I finally got to go out plowing!  Only the 3rd time this season. Here is a quick video. Only got about 1.5" - 2.0" but still enough to push. This was all recorded from my dash cam.

Enjoy.


----------



## exmark (Apr 24, 2007)

Nice video. Do you have aftermarket exhaust?


----------



## Antlerart06 (Feb 28, 2011)

nice video
u need run wipers more 
That sno-way plow


----------



## 04ram1500 (Nov 10, 2010)

exmark;1463740 said:


> Nice video. Do you have aftermarket exhaust?

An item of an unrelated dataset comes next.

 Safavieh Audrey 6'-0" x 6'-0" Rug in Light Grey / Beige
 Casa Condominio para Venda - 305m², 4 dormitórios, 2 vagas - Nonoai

Thanks, yes I put on a Banks Monster exhaust.



antlerart06;1463740 said:


> nice video
> u need run wipers more
> That sno-way plow


Thank you. It is* not* a Sno-Way plow. It* is *a Snowdogg plow made by Buyers.


----------



## exmark (Apr 24, 2007)

04ram1500;1463881 said:


> Thanks, yes I put on a Banks Monster exhaust.
> 
> Is the system really noticeable? I only ask because I am actually looking at that same set for my f.250, and I do around 30 driveways and 2 apartment complexes along with my lots. I just don't want to get a complainant about exhaust. Thanks


----------



## 04ram1500 (Nov 10, 2010)

It is very noticeable. When on the gas, you can hear it about 400 feet away...
If it didn't cost me $ 500+ It would already be taken off the truck.
Don't get me wrong, I like it. I just have to be carefull what properties I handle early in the morning.

In your case with that many residentials you would want to avoid this system. I can assure you there would be many complaints.


----------



## exmark (Apr 24, 2007)

04ram1500;1464444 said:


> It is very noticeable. When on the gas, you can hear it about 400 feet away...
> If it didn't cost me $ 500+ It would already be taken off the truck.
> Don't get me wrong, I like it. I just have to be carefull what properties I handle early in the morning.
> 
> In your case with that many residentials you would want to avoid this system. I can assure you there would be many complaints.


 Well I might check out borla systems. Ive heard they have some mufflers that arnt to loud. I don't want it to loud but at the same time not stock lol. I just bought this new truck and my last one had straights on it. So im just trying to get a little ahead of stock.


----------